Immobilization of the crude and purified L-asparaginase by encapsulation in Ca-alginate
The enzyme was encapsulated in Ca-alginate beads as described by Ulu and Ates (2017). We mixed the crude or purified L-asparaginase (10 ml) with Na-alginate solution (40 ml, 2%); this mixture was extruded (from 3 cm controlled distance) in 2% CaCl2 solution using a micro-pipette. After 30 minutes, the formed beads were filtrated; then, washed with a sterile NaCl solution (0.9%) followed by sterile distilled water (three times).

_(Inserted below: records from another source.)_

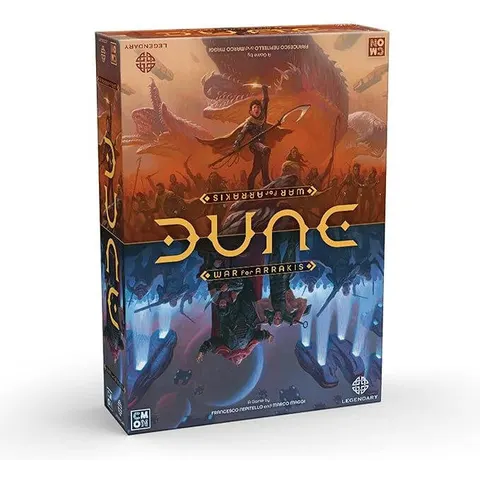 Dune: War for Arrakis – afbeelding 1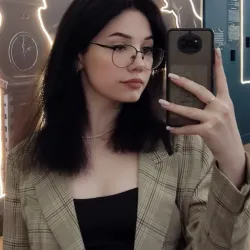 Фотография репетитора Смолина Дарья Владиславовна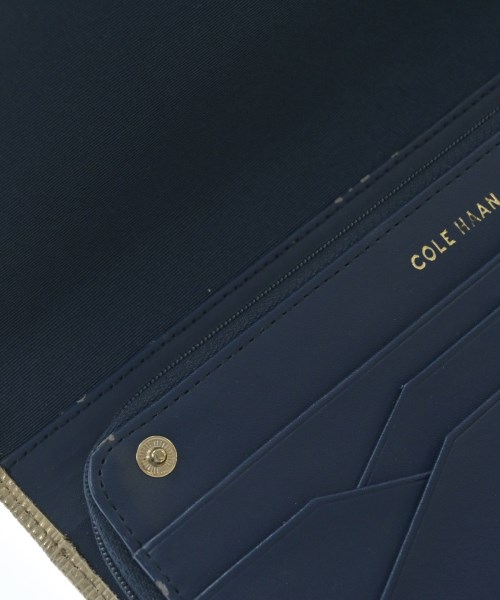COLE HAAN（コールハーン）財布・コインケース ベージュ サイズ:- レディース/2200720839067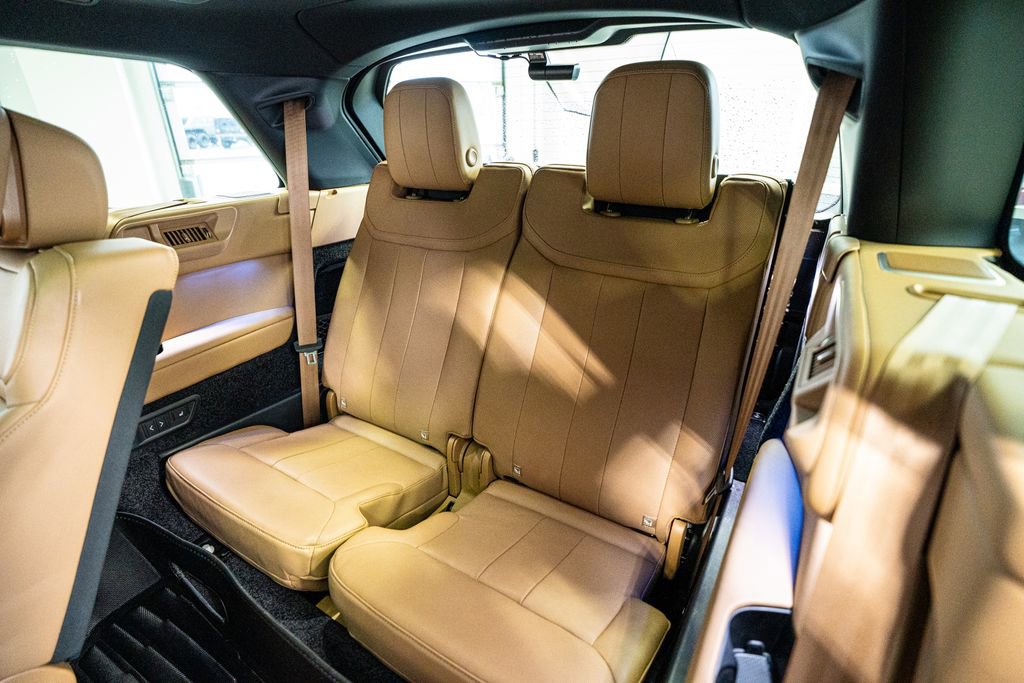 2024 Land Rover Range Rover Long Wheelbase Autobiography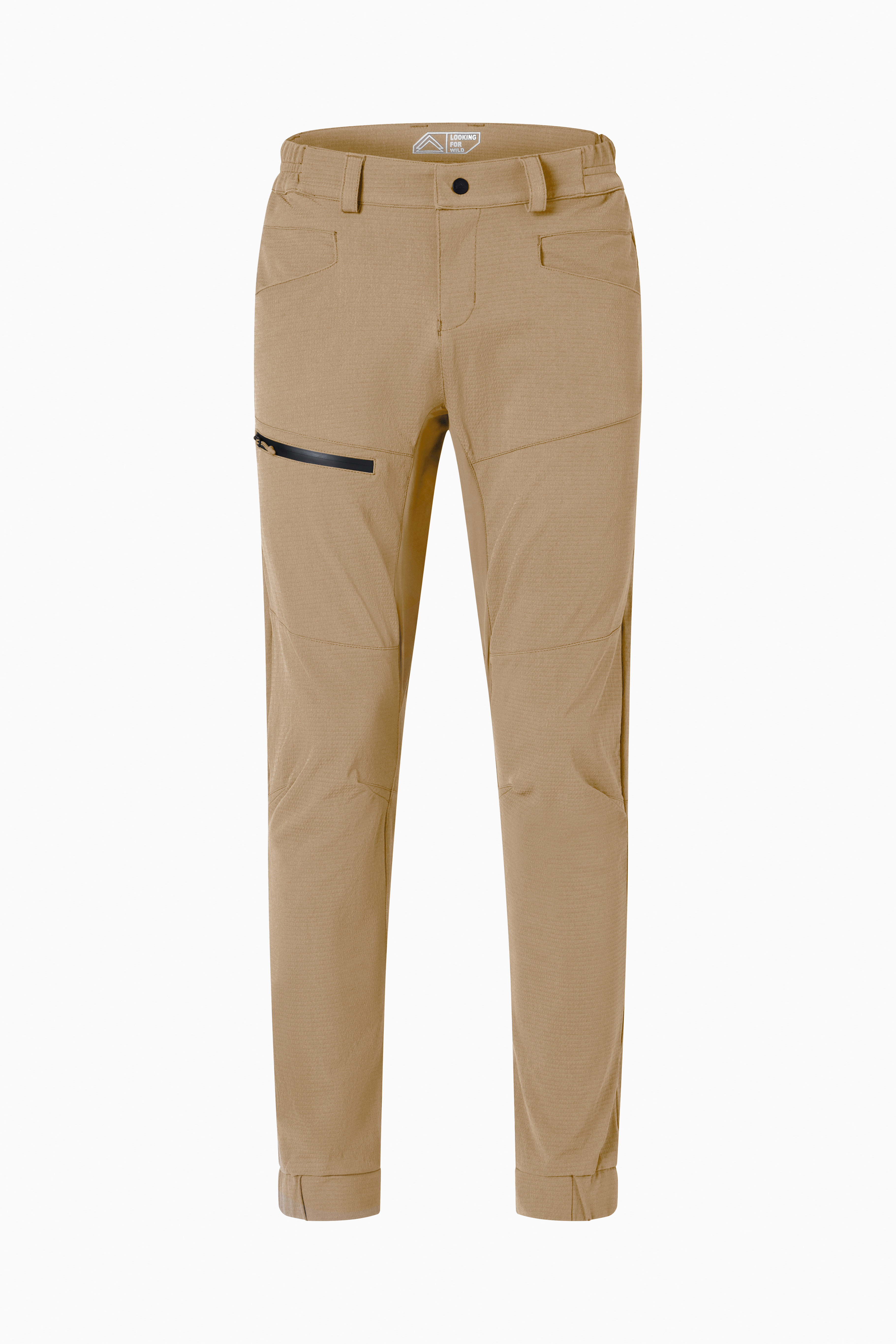 Pantalones de hombre F208 - Sepia Tint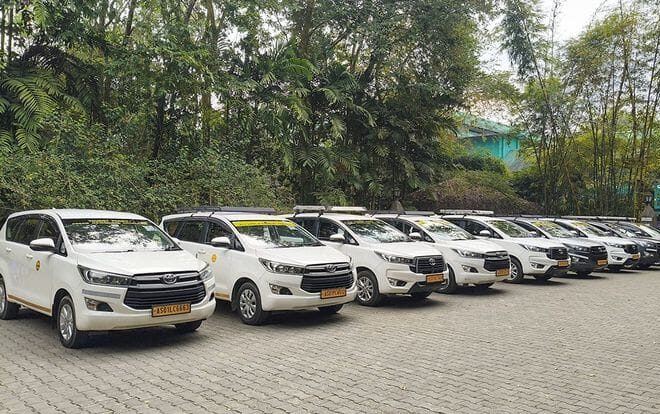 Best Cab Service in Kashmir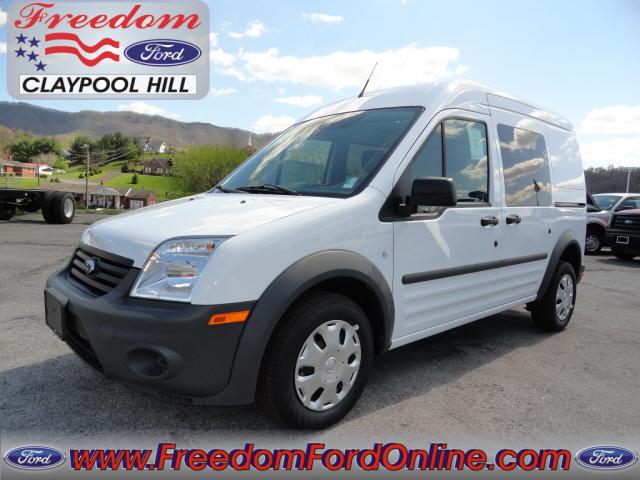 Photo of 2012 Ford Transit Connect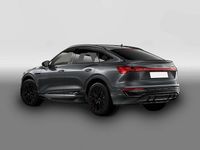 Usata Audi Q8 e-tron 300 kW (408 CV) 2023 Grigio SUV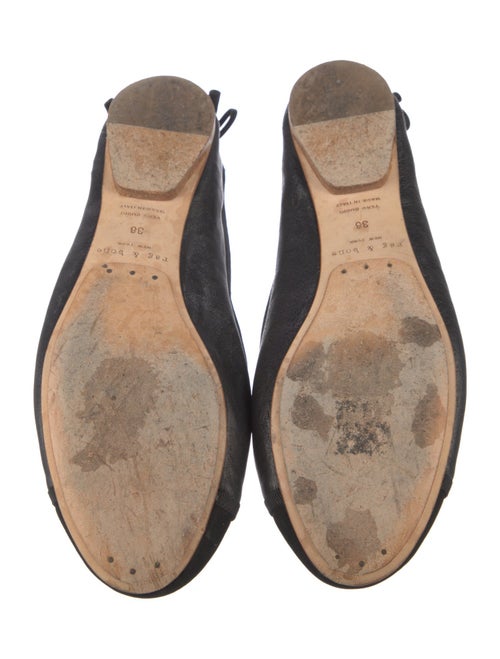 Rag & Bone Leather Flats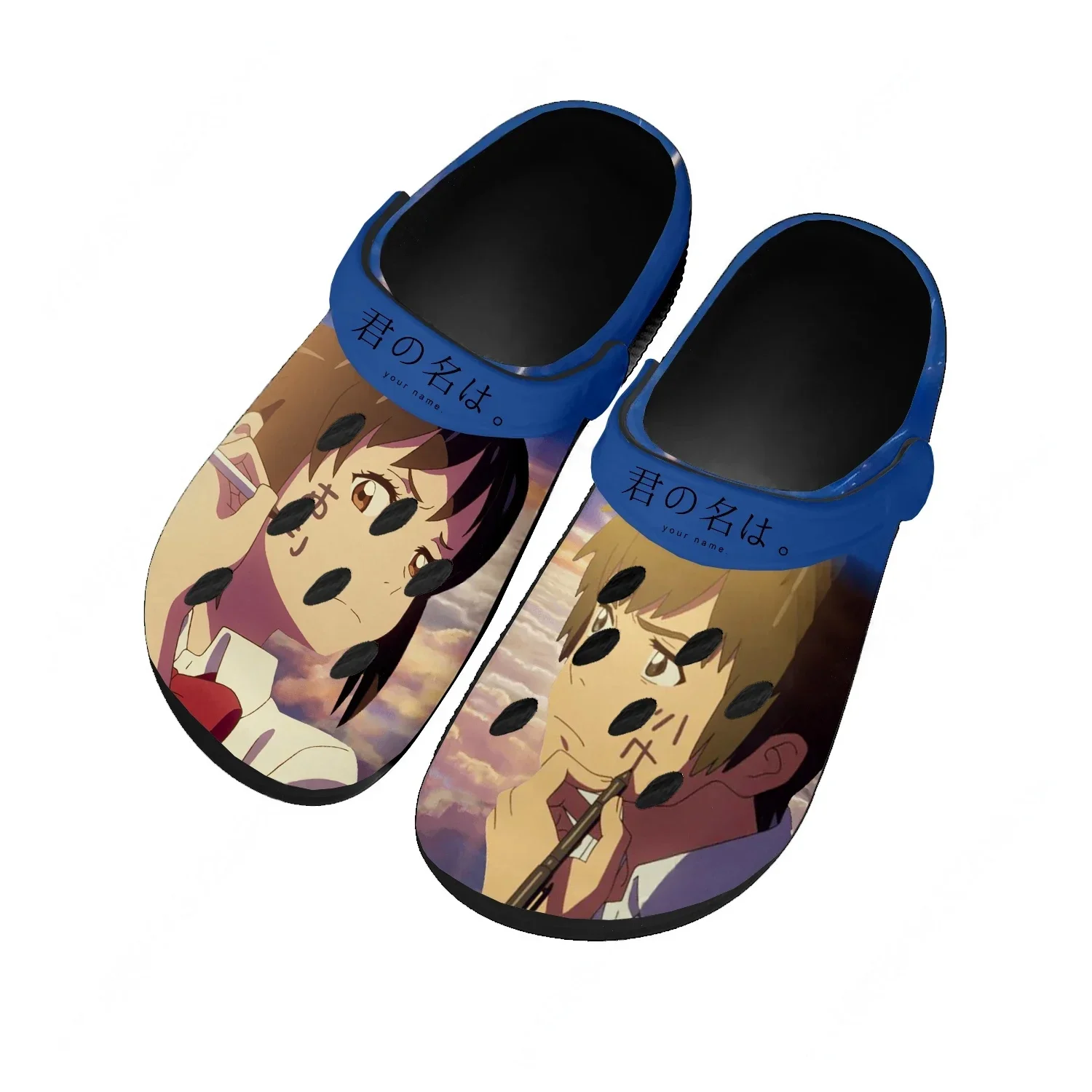 Your Name Home Custom Sandals  - Men Shoes Name 评论和价格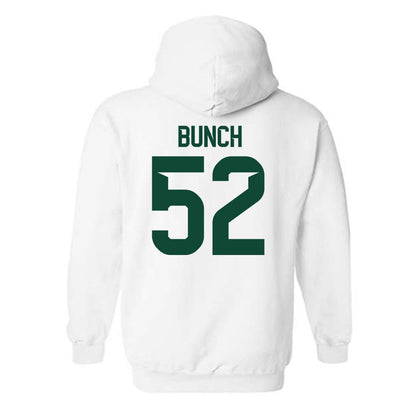 Baylor - NCAA Baseball : Caleb Bunch - Classic Shersey Hooded Sweatshirt-1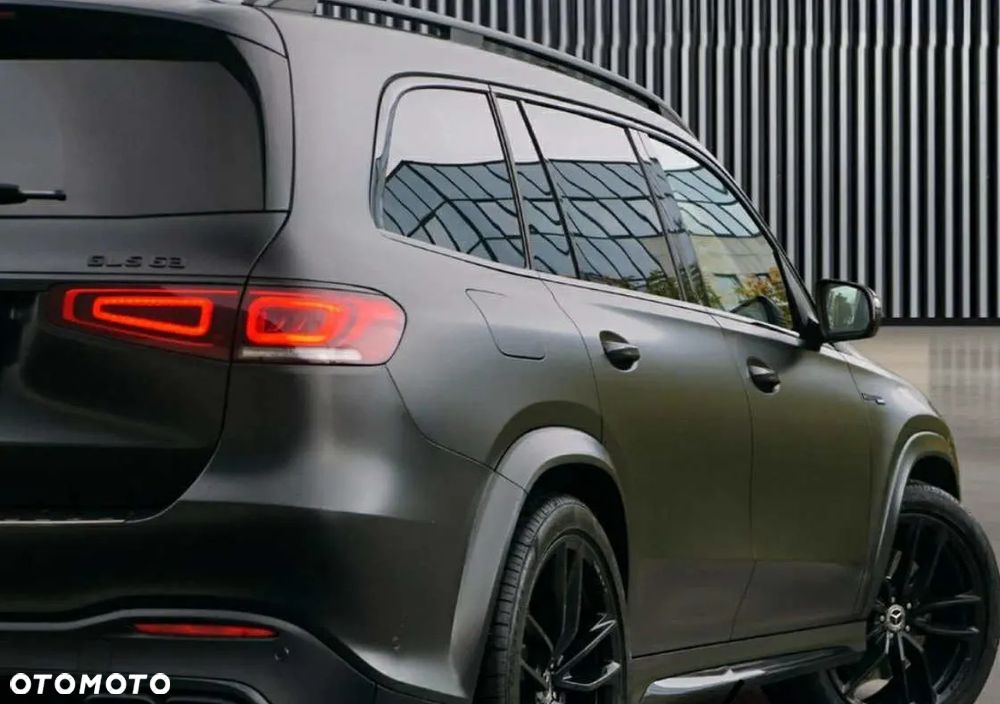 Mercedes-Benz GLS AMG 63 4-Matic+ - 4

The protein content and enzymes activity were assayed after immobilization.
Characterization of the immobilized enzymes morphology
Morphology of immobilized crude and purified L-asparaginase was examined by scanning electron microscope (SEM, JEOL, JSM IT200, Japan).
Effect of temperature and pH on the immobilized crude and purified L-asparaginase
To determine the effect of temperature on the immobilized crude and purified L-asparaginase, the assay reaction mixture was incubated at different temperatures (31, 34, 37, 40, 43 and 46 °C). The effect of different pH was also studied by adjusting pH of the standard assay buffer to different values (3, 4, 5, 6, 7, 8, 9 and 10). The thermal stability of the immobilized crude and purified L-asparaginase was studied at 40˚C. The enzyme beads were incubated at 40˚C for 60 miutes, without a substrate; the enzyme activity was assayed at 10 minutes intervals. The activities of the enzyme were expressed as a percent of the maximal activity.
Reusability of the immobilized enzyme
The reusability of the immobilized crude and purified enzyme were tested up to 5 rounds; the enzyme beads were incubated with the reaction mixture at optimum conditions for the assay; at the end of the reaction, the beads were removed from the reaction mixture and washed with distilled water; these beads were repeatedly used in the subsequent four assay rounds. The activities of the enzyme were expressed as a percent of its initial activity.